この舞台は、黙阿弥の長女であるお糸さんが黙阿弥の全作品を守り、新劇青年だった養子の繁俊先生と妻みつさんに託すまでの物語です。おそらく、この人たちの愛情と働きがなければ、黙阿弥の劇作家としての幅の広さと深さを伝える資料が現在のようには残らなかったでしょう。そこをどうしても取り上げたかったという思いが大きいですね。
それと、お糸さんの偉大さと情熱を通して、伝統芸能における女性の関わり方について表現したいと強く思いました。劇団新派は女流が中心の珍しい劇団ですし、女性がショービジネスを渡っていくことには、楽しさと面白さと華やかさと同時に、大変な困難が伴いますから。
──再々演となる今回、「新編」としてアップデートされる部分を教えてください。
原作では、関東大震災から4日間、お糸さん、繁俊先生、みつの3人が生き別れとなり、再会する部分が描かれています。血のつながらない彼らが、本当の親子として抱き合う場面がどうしても作りたかったんです。その画を、今回はセリフではなく、画としてお見せしたいと思っています。それともう1つの眼目は、ストレートプレイ初挑戦の尾上菊之丞さんという、魅力的な人材と出会えたこと。舞踊家は、季節も人物も、風の音でさえ身一つで表現できてしまうすごい存在です。今回は久里子も含めて、モノローグをいくつか書きました。そのモノローグを読む菊之丞さんが素敵なんです! ご期待ください。
──繁俊と菊之丞さんだけではなく、糸と久里子さん、みつと大和悠河さん、それぞれが役とご本人が肉薄する、齋藤先生ならではの“当て書き”部分も想像して観ると面白そうだなと。

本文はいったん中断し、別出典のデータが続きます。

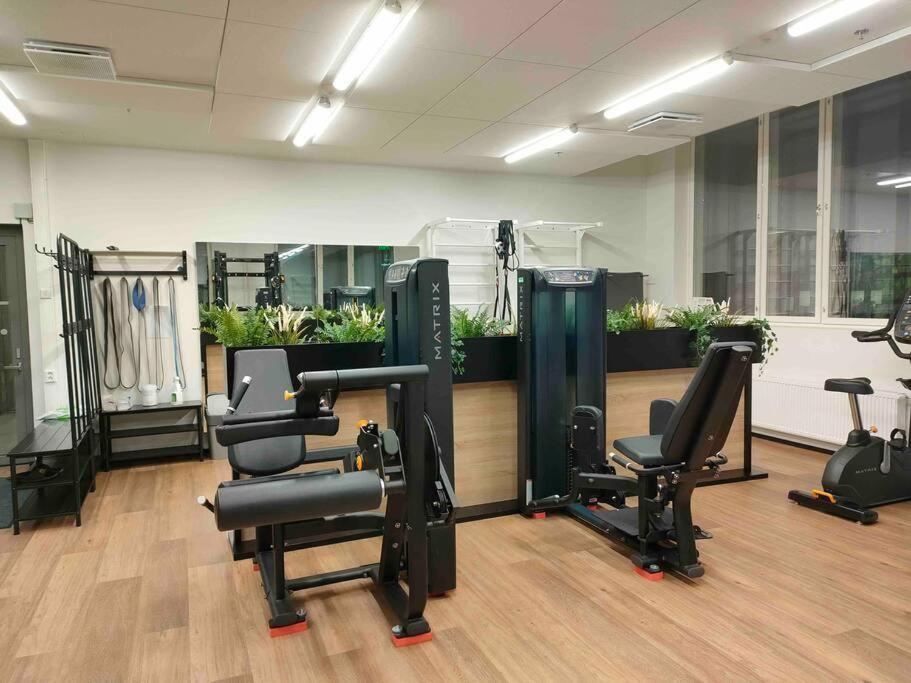 Brand New Modern Condo Built-In Mall Of Tripla Helsinki Exterior foto
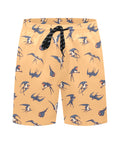 Sparrow-Mens-Swim-Trunks-Yellow-Front-View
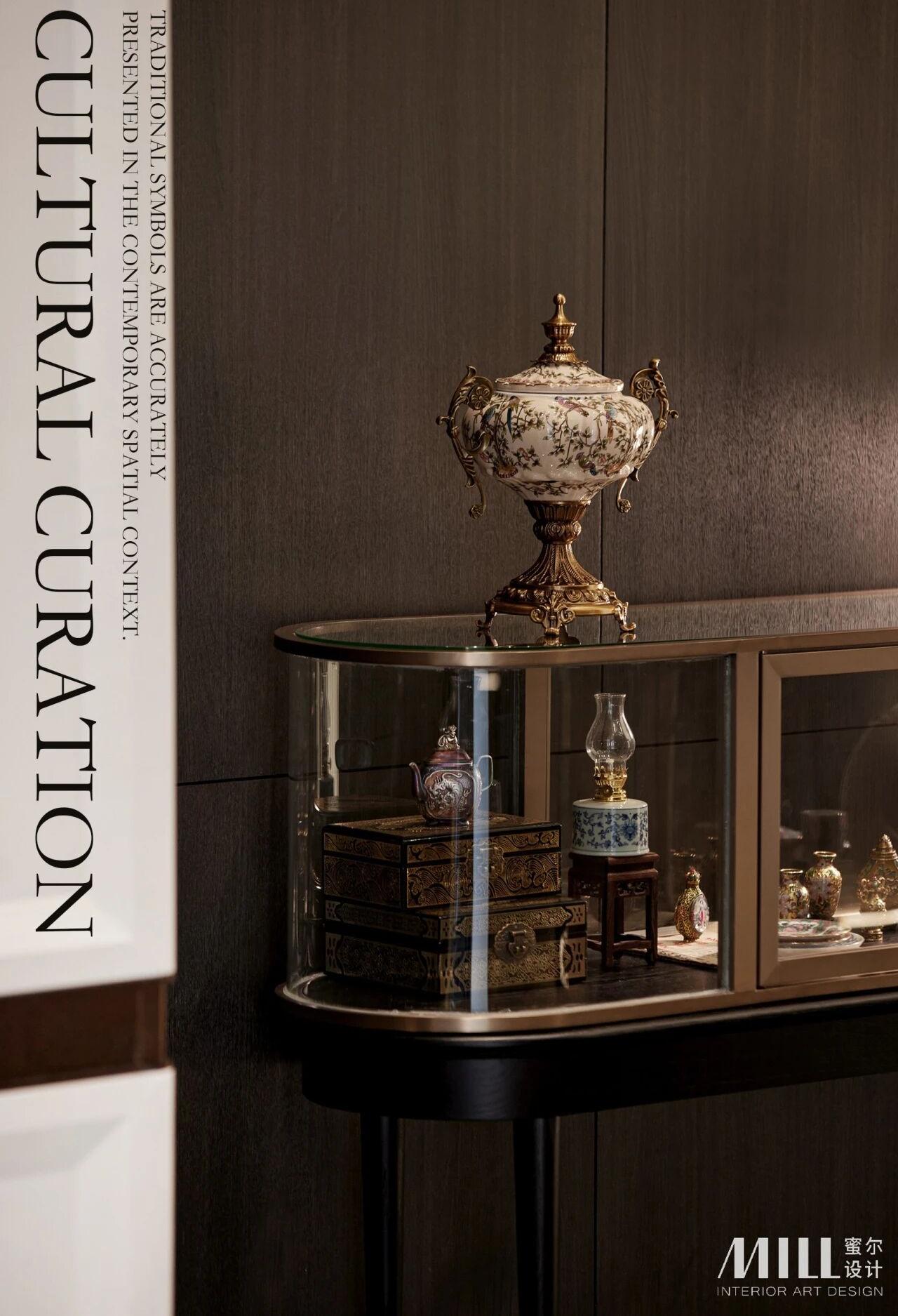 蜜尔设计 · 昆明新希望锦官府丨中国昆明丨深圳市蜜尔室内艺术设计有限公司-19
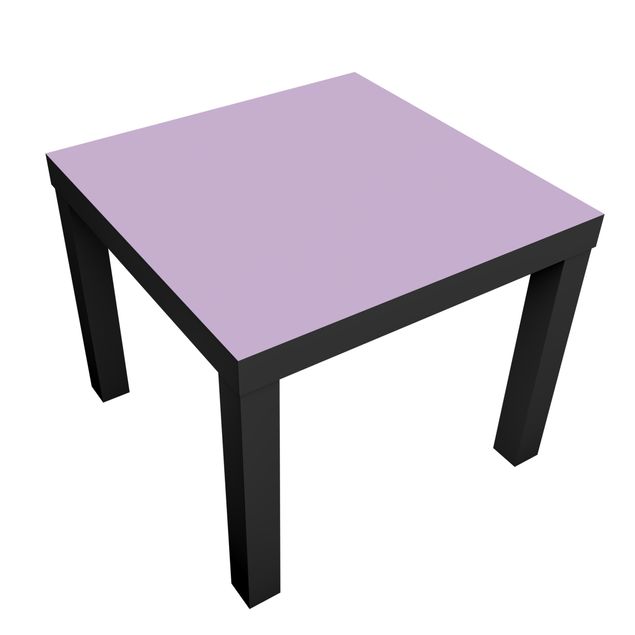 Adhesive film for furniture IKEA - Lack side table - Colour Lavender
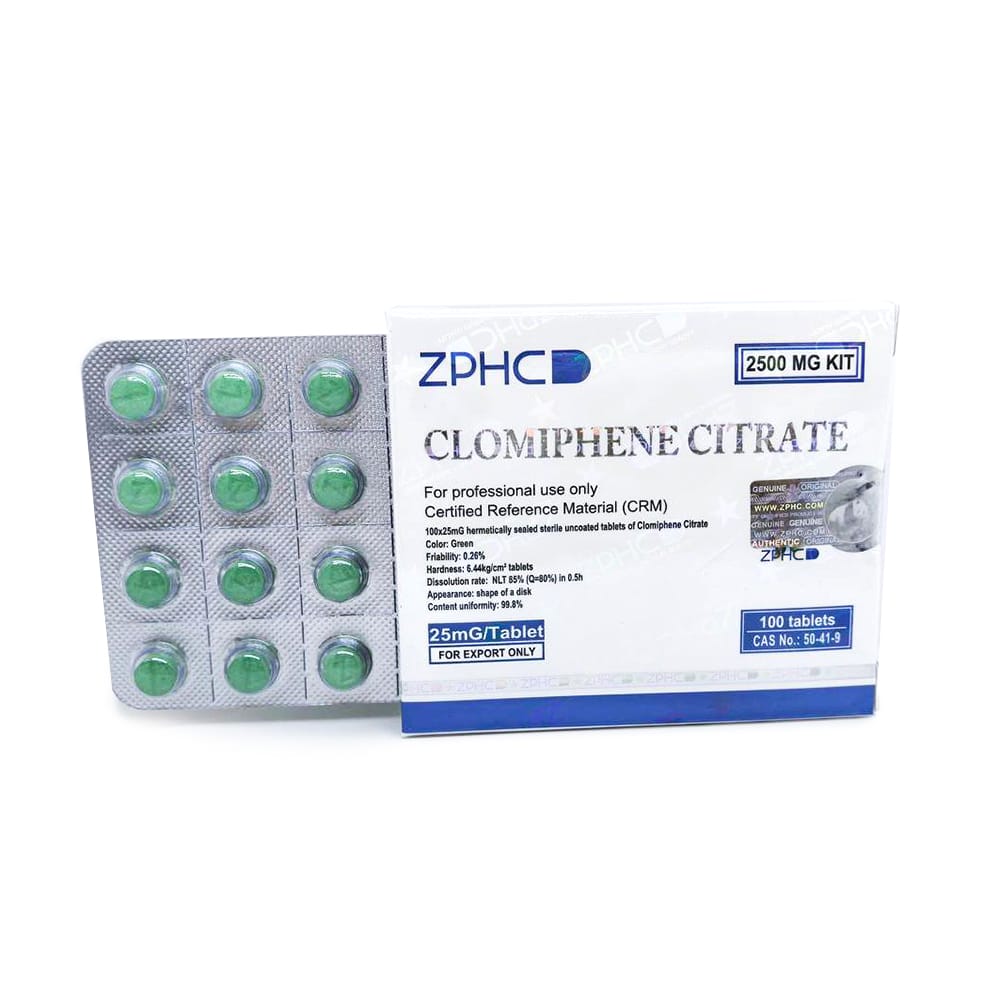 CLOMIPHENE CITRATE 25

僕は新派の文芸部として、現場で育って学んだことが多いので、役者さんに当てて書くこと以外、やったことがないんですよ。久里子は、女性として十七代目(父である十七世中村勘三郎)の遺志を継いでいると思いますし、逆に言うと、十七代目が男だからできなかったことをやろうとしている気がしています。僕の中で糸と久里子は、もう限りなく二重写しになっていますね。だから、どのセリフもお糸さんであり、久里子である。この虚実皮膜なところが、当て書きの楽しいところです。大和さんは、宝塚を辞めた後も芸事を続けられています。女性であるからこそ受ける困難も含めての思い、阪神淡路大震災で大変ご苦労なさったことなどを、この作品に重ね合わせてくださいとお伝えしました。
──久里子さんがもし歌舞伎俳優だったら演じてほしい黙阿弥作品を教えてください。
「髪結新三」ですね。(久里子は)優しいけれど、やっぱり怖いところがありますから。本当に良いものを見て育ってしまった、幸せと不幸せ、選ばれた者の不安と恍惚みたいな……僕なんかが生意気言っちゃいけませんが、十七代目のどこか草書体のような柔らかさと我流が久里子にもある気がします。リアルなキャラクターが似合うと思いますね。
──今月、歌舞伎座で上演される「水戸黄門」も齋藤さんの演出。2つの作品を観られます。
黄門様は、近代日本の庶民が憧れた典型的なヒーロー、痛快なエンタテインメントですね。これは黙阿弥作品が受け入れられる構造と同じで、庶民がつらくて苦しくて悲しいときに「じゃあいっそ盗賊にでもなって好き放題やりたい」と思うと同時に、「誰か偉い人がドーンと現れて、悪人を全部やっつけてほしい」とも思うじゃないですか。陰と陽、両方とも王道なんです。だから、どちらも堂々とやらせていただきます(笑)。